Abiri’s plight came to the forefront at the last International Press Institute meeting in Abuja six weeks ago when the Committee to Protect Journalists (CPJ) raised alarm over his detention for two years without trial.
Then Minister of Information and Culture, Alhaji Lai Mohammed, like Presidential spokesman, Garba Shehu, debunked the report by the press freedom organization, Committee To Protect Journalists (CPJ), that a certain Nigerian journalist has been in detention for the past two years.
The Minister, who issued the rebuttal at the Gala/Award Night of the International Press Institute (IPI) in Abuja late June said the person the CPJ was referring to was never a journalist.
“Let me state here, without equivocating, that contrary to the report by the Committee To Protect Journalists (CPJ), no journalist is in detention in Nigeria. Clement Abiri, who is being referred to as a journalist, is not one. He does not belong to any chapel of the Nigerian Union of Journalists.
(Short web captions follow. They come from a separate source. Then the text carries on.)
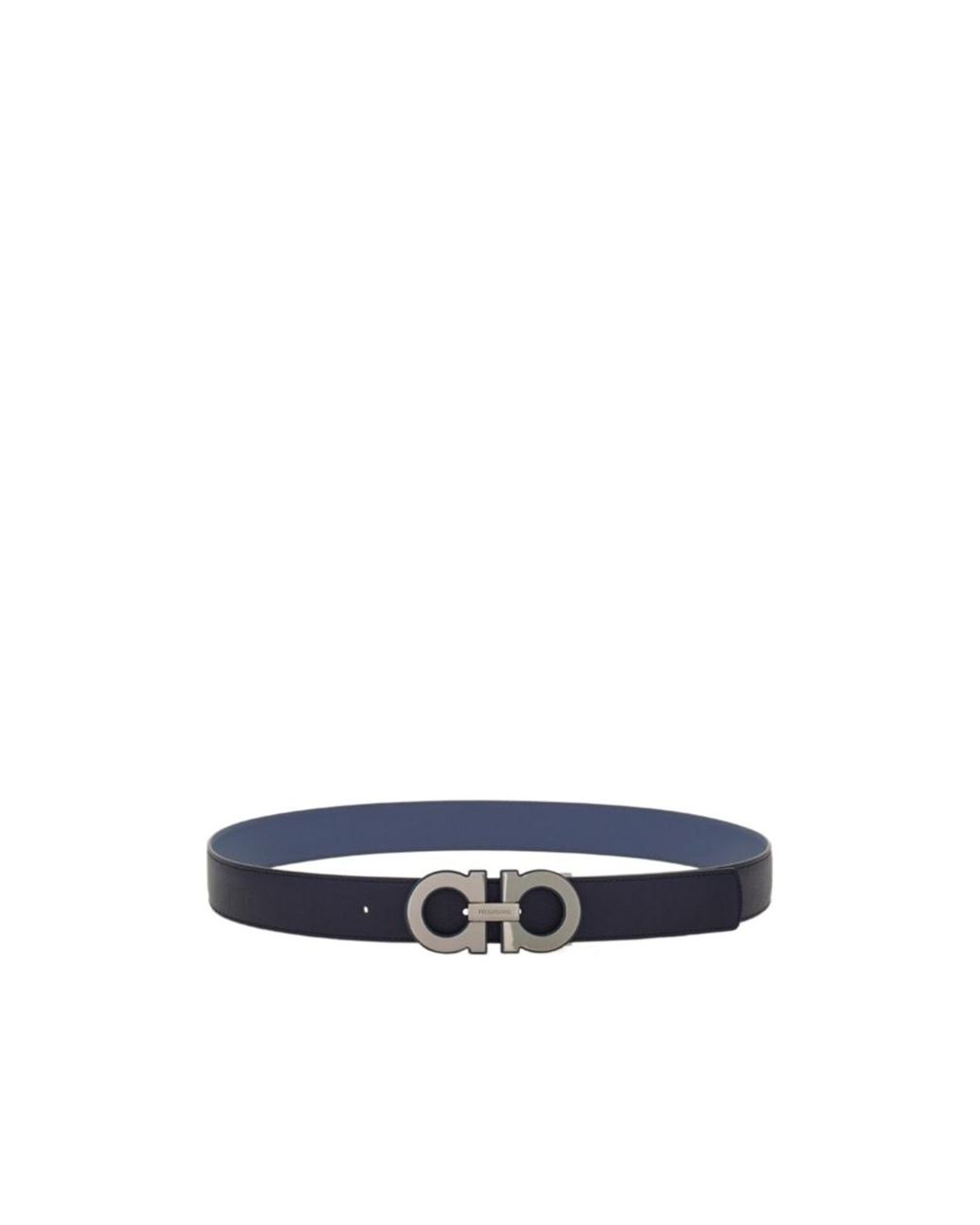 Ferragamo White Gancini Buckle-Logo Belt for men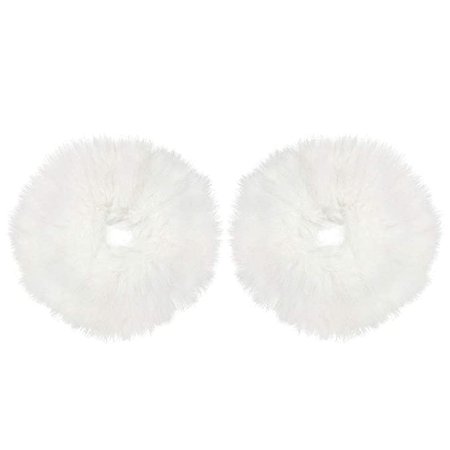 Amazon.com : 2pcs Pack Furry Faux Rabbit Fur Hair Scrunchies Artificial Fur Hair Bobbles Elastic Hair Band Rope Wristband Ponytail Accessories White : Beauty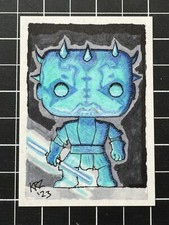 Star Wars Funko Pop Grail Holographic Darth Maul Glow Artist Sketch Trading Card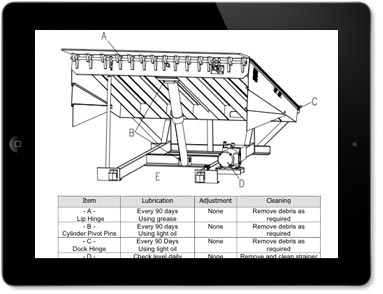 Loading dock service manual on mobile device for easy access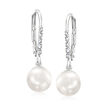 7-7.5mm Cultured Pearl Drop Earrings with Diamond Accents in 14kt White Gold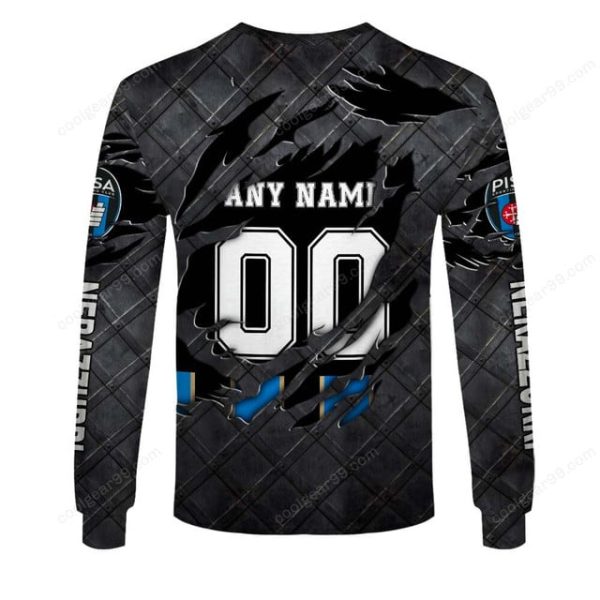 Pisa FC Serie A Black Metal Design Shirt Hoodie - Image 5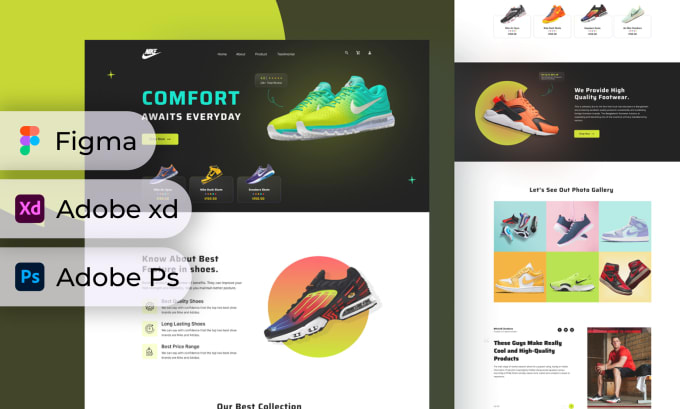 Gig Preview - Design a modern psd website template or a website mockup in figma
He was arrested for pipeline vandalism and crude theft, including militant activities in the Niger Delta,” he said.
But the outrage over Mr Abiri’s arrest and detention by the DSS continued.
The publisher of the Weekly Source Magazine was arrested for alleged links to militancy in the Niger Delta, on July 21, 2016, at his office in Yenagoa, the Bayelsa State capital.
Following public outcry, Abiri was eventually charged with the offence on July 27, 2018, at the Chief Magistrate’s Court in Wuse Zone 2 in Abuja, the nation’s capital.
He granted him bail in the sum of N2 million and two sureties whom the court said must be civil servants not lower than level 12. The conditions were reviewed last week after complaints from his lawyer that they were too stringent for Abiri.